Load CSV to a database when columns can be added/removed by the vendor

I've got some SSIS packages that take CSV files that come from the vendor and puts them into our local database. The problem I'm having is that sometimes the vendor adds or removes columns and we don't have time to update our packages before our next run, which causes the SSIS packages to abend. I want to somehow prevent this from happening.
I've tried reading in the CSV files line by line, stripping out new columns, and then using an insert statement to put the altered line into the table, but that takes far longer than our current process (the CSV files can have thousands or hundreds of thousands of records).
I've started looking into using ADO connections, but my local machine has neither the ACE nor JET providers and I think the server the package gets deployed to also lacks those providers (and I doubt I can get them installed on the deployment server).
I'm at a loss as to what I can do to be able to load tables and be able to ignore newly added or removed columns (although if a CSV file is lacking a column the table has, that's not a big deal) that's fast and reliable. Any ideas?
I went with a different approach, which seems to be working (after I worked out some kinks). What I did was take the CSV file rows and put them into a temporary datatable. When that was done, I did a bulk copy from the datatable to my database. In order to deal with missing or new columns, I determined what columns were common to both the CSV and the table and only processed those common columns (new columns were noted in the log file so they can be added later).
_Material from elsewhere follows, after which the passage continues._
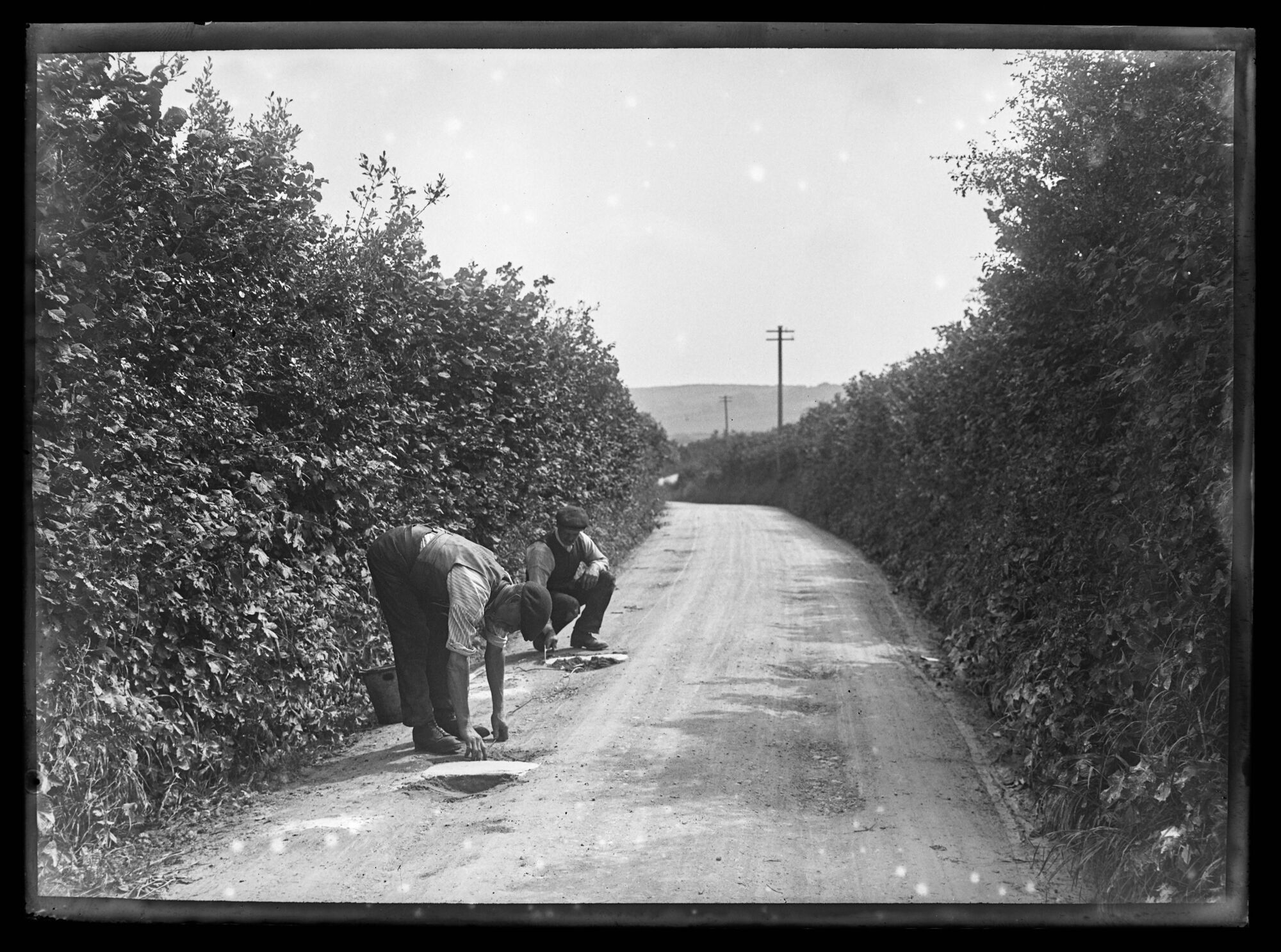 Road Mending, Stainton with Adgarley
Here's my BulkCopy module:
Private Sub BulkCopy(csvFile As String)
Dim i As Integer
Dim rowCount As Int32 = 0
Dim colCount As Int32 = 0
Dim writeThis As ArrayList = New ArrayList
tempTable = New DataTable()
Try
'1) Set up the columns in the temporary data table, using commonColumns
For i = 0 To commonColumns.Count - 1
tempTable.Columns.Add(New DataColumn(commonColumns(i).ToString))
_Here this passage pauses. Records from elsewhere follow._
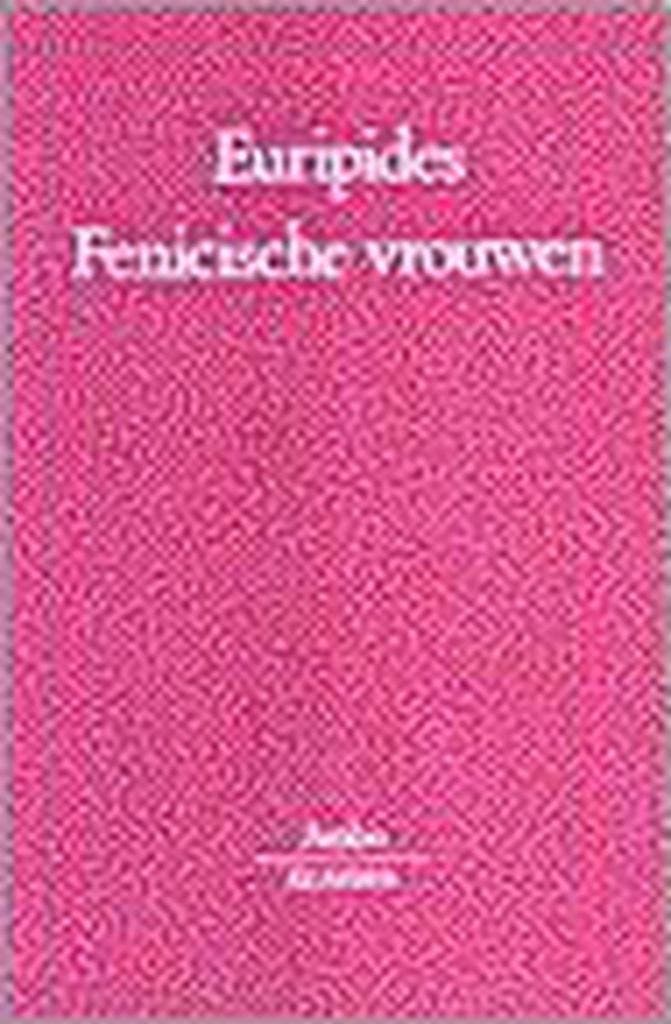 Fenicische vrouwen / Ambo-klassiek 9789026314193 Euripides, Boeken, Romans, Zo goed als nieuw, Verzenden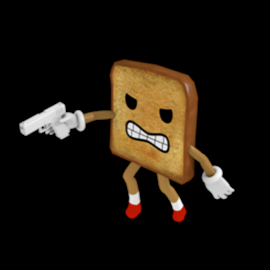Shooter Bread 1 - Games for kids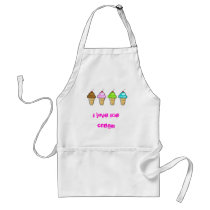 i love ice cream aprons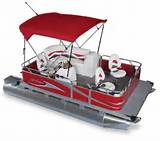 Electric Pontoon Boat For Sale Images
tempTable.Columns(i).DataType = GetDataType(commonColumns(i).ToString)
Next
'2) Start adding data from the csv file to the temporary data table
While Not csvReader.EndOfData
currentRow = csvReader.ReadFields() 'Read the next row of the csv file
rowCount += 1
writeThis.Clear()
For index = 0 To UBound(currentRow)
If commonColumns.Contains(csvColumns(index)) Then
Dim location As Integer = tableColumns.IndexOf(csvColumns(index))
Dim columnType As String = tableColumnTypes(location).ToString
If currentRow(index).Length = 0 Then
writeThis.Add(DBNull.Value)
Else
writeThis.Add(currentRow(index))
End If
'End Select
End If
Next
Dim row As DataRow = tempTable.NewRow()
row.ItemArray = writeThis.ToArray
tempTable.Rows.Add(row)
End While
csvReader.Close()
'3) Bulk copy the temporary data table to the database table.
Using copy As New SqlBulkCopy(dbConnection)
'3.1) Set up the column mappings
For i = 0 To commonColumns.Count - 1
copy.ColumnMappings.Add(commonColumns(i).ToString, commonColumns(i).ToString)
Next
'3.2) Set the destination table name
copy.DestinationTableName = tableName
'3.3) Copy the temporary data table to the database table
copy.WriteToServer(tempTable)
End Using
Catch ex As Exception
message = "*****ERROR*****" + vbNewLine
message += "BulkCopy: Encountered an exception of type " + ex.GetType.ToString()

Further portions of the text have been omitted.